Graphics Processing Units (GPUs) have rapidly advanced to become the most common high-performance accelerators for highperformance computing. Modern GPUs contain hundreds of processing units, capable of achieving up to 9.7 TFLOPS (Trillion Floating Point Operations per Second) for mixed-precision calculations [3] . The highly parallel execution model, high performance on floating-point arithmetic, and memory parallelism on GPUs make them particularly well-suited to many scientific and engineering workloads that occupy High-Performance Computing (HPC) clusters. The latest TOP500 list shows that the new wave of supercomputers is GPU accelerated systems [1] . This wide usage has triggered extensive research on performance modeling and simulation of modern GPUs (ModSim).

Modeling and simulation tools play a significant role in designing and evaluating new hardware features and understanding the limiting factors on application performance. Due to modern GPUs' complexity, it is no longer intuitive to improve its hardware performance. Using ModSim tools, GPU architects get insight into the impact of any changes in hardware design on application performance, area and, power consumption. Thus, ModSim tools enable design space exploration. On the other hand, ModSim tools are also used to a great extent in hardware-software co-design to tune application performance. They help system designers choose the proper hardware for any specific workload. Also, application developers can tune their applications for a wide variety of GPUs without having access to the physical hardware. Scalable ModSim tools are necessary to allow quick and accurate design space exploration.

Performance analysis centered around the software concept of basic blocks (BB), defined as a single entry-single exit sections of code, has recently been proposed for CPU architectures [7, 9, 12, 33] . The number of times a basic block is executed in a specific application is a good measure of the impact on the performance of that basic block for the whole application. A higher count leads to a higher impact. Thus, knowing the number of times (count) a BB executes is necessary for BB level performance analysis.

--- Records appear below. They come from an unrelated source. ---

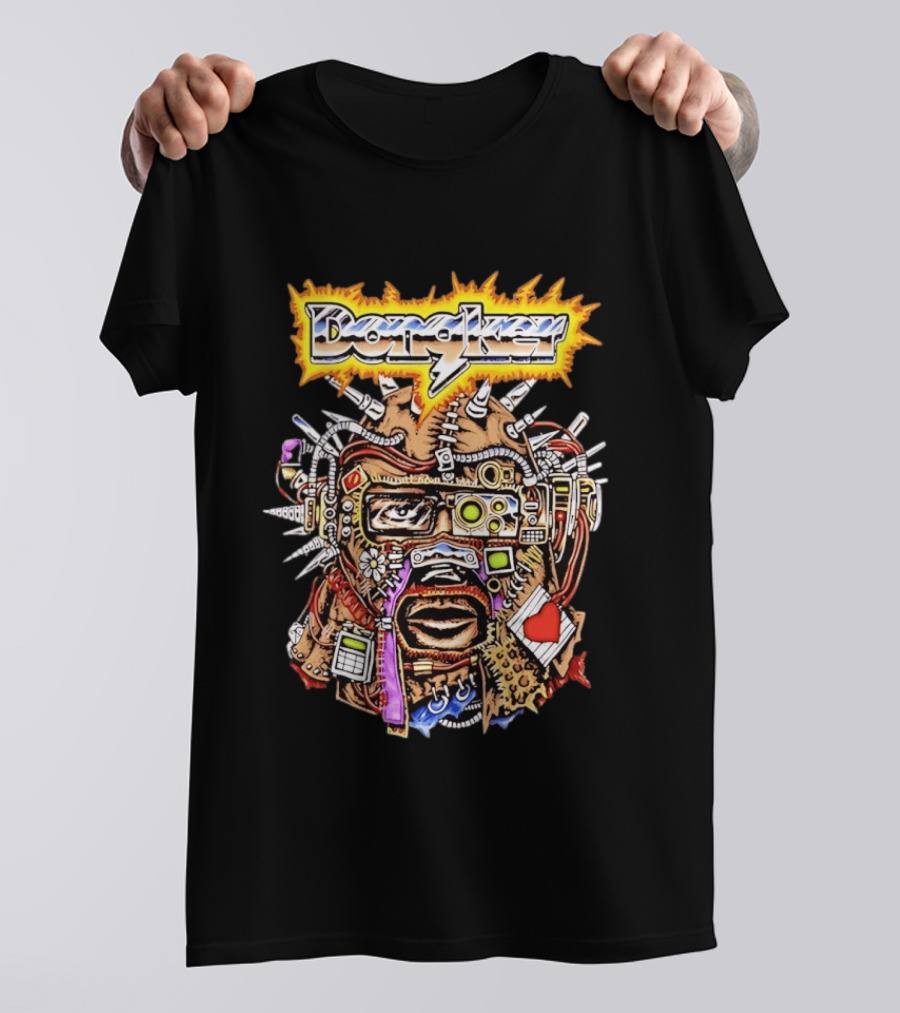 Dongkey Cybernetic Mask Cyberpunk Futuristic Headgear T-Shirt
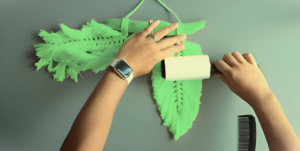 green macrame wall hanging dust removal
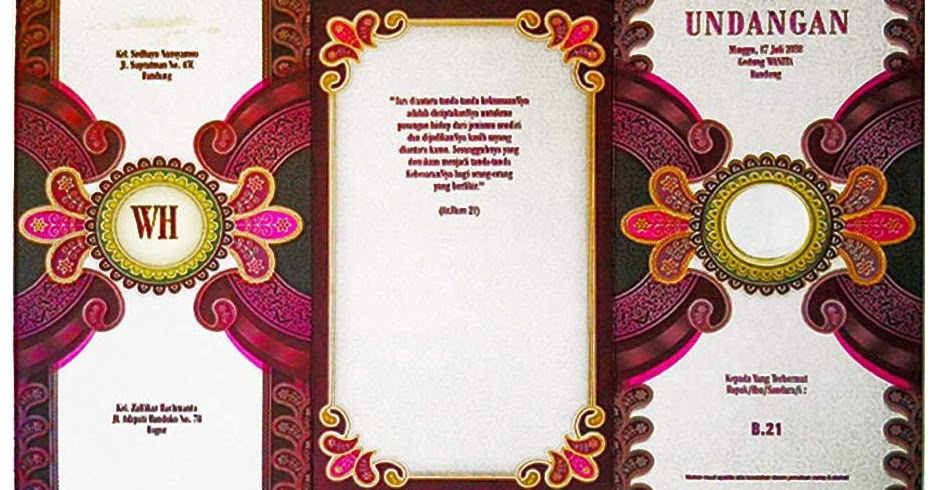 Cetak Undangan Murah Di Malang, Undangan Pernikahan Murah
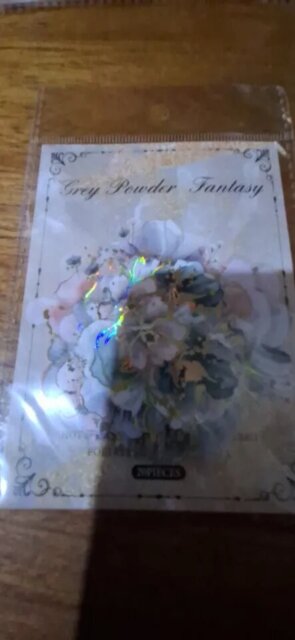 Blooming Fantasy PET Flower Sticker Pack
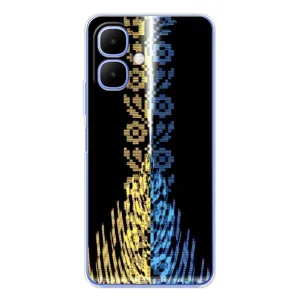 Силиконовый Чехол на Tecno Spark Go 2 (Патриотическая вышиванка)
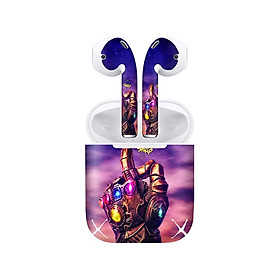 Mua Miếng dán skin chống bẩn cho tai nghe AirPods in hình siêu anh hùng - AVG - 0x1012 (bản không dây 1 và 2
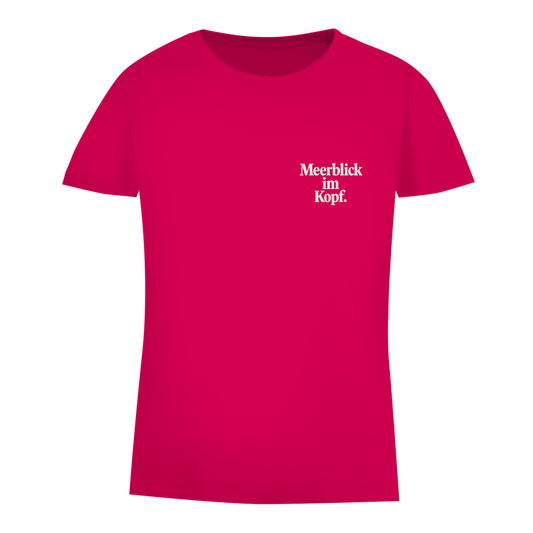 Damen Premium Bio T-Shirt MEERBLICK IM KOPF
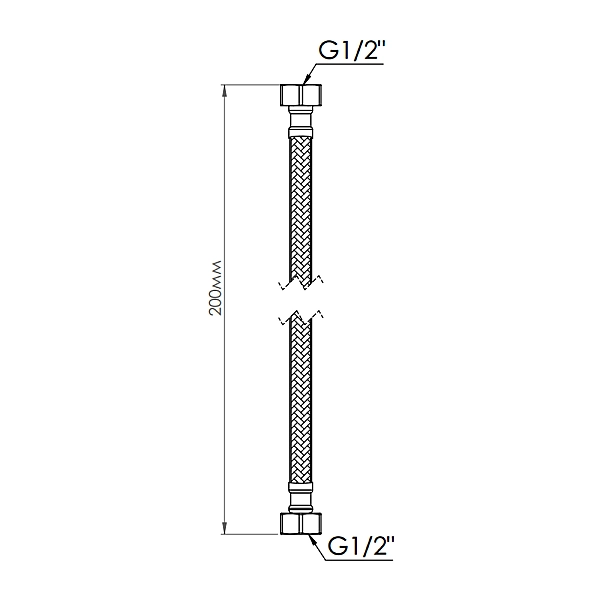 Гнучка підводка для води Thermo Alliance Forte ВВ 20 см SF391W20 - Фото - 2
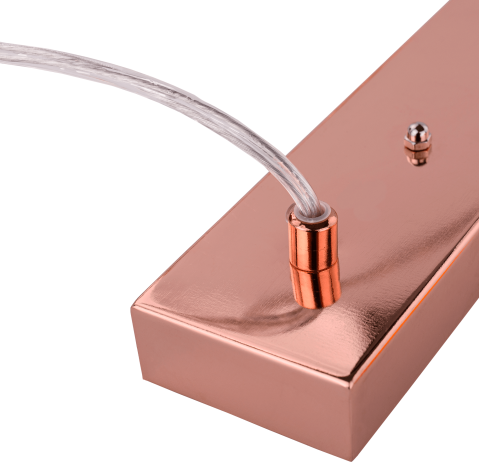 Visící lampa v retro stylu, kov, rose gold, AVIER TYP 4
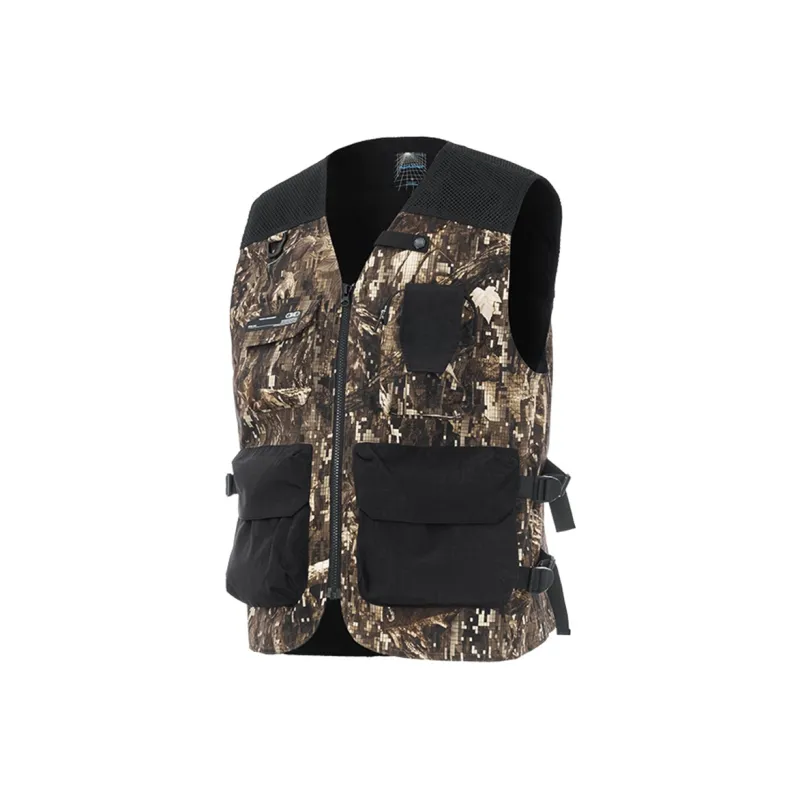 ENSHADOWER Vest Unisex Black With Camouflage-0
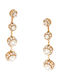 Art d or Earrings made of Pink Gold with Stones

By characterizing the performance signature of the basic blocks and extracting the counts and other relevant information at a basic block level granularity, we can predict the performance of an application in finer granularity more efficiently and scalably. However, extracting the BB execution counts for large input sizes of an application can be very costly and become a scalability bottleneck, and it requires executing or profiling the application. Thus, addressing this inefficiency is necessary to achieve scalable performance prediction for ModSim tools which would further enable hardware-software co-design. Therefore, BB count extrapolation enables scalable ModSim tools that use BB analysis in their performance prediction flow [9, 10, 12? ]. Furthermore, BB analysis is needed in compiler analysis passes [2] , and this work could be leveraged for that purpose.

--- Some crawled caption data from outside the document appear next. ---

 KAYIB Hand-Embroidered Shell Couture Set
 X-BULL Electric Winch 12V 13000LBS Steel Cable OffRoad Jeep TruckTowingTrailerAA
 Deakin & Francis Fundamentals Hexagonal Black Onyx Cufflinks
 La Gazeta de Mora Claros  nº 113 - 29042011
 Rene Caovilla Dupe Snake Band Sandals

In this paper, we introduce BB-ML. BB-ML uses Deep Neural Networks and regression-based machine learning techniques to predict basic block execution counts of GPU applications. First, we build a Poisson Neural Network (PNN). PNN is a probabilistic model that treats basic block counts as a Poisson random variable and leverages Deep Neural Networks (DNNs) to learn to extrapolate basic block counts for larger input configurations (sizes) of applications. Furthermore, we employ the Bayesian Regularization Backpropagation Neural Network(BR-BPNN) that treats basic block count extrapolation as a regression task. For both models, we use labeled training data, where the input parameters of applications are used as input features for the neural networks, and basic block counts are used as the output of the networks. Results show that both networks can accurately extrapolate basic block counts for large input configurations and random input values of the applications. Also, we compare the results of PNN and BR-BPNN networks to find a generalized network that can fit applications from different domains. The result shows that the average accuracy of both networks for extrapolation is similar. In addition, we observe that BR-BPNN works better for linearly separable applications while PNN fits better for applications with non-linear behavior.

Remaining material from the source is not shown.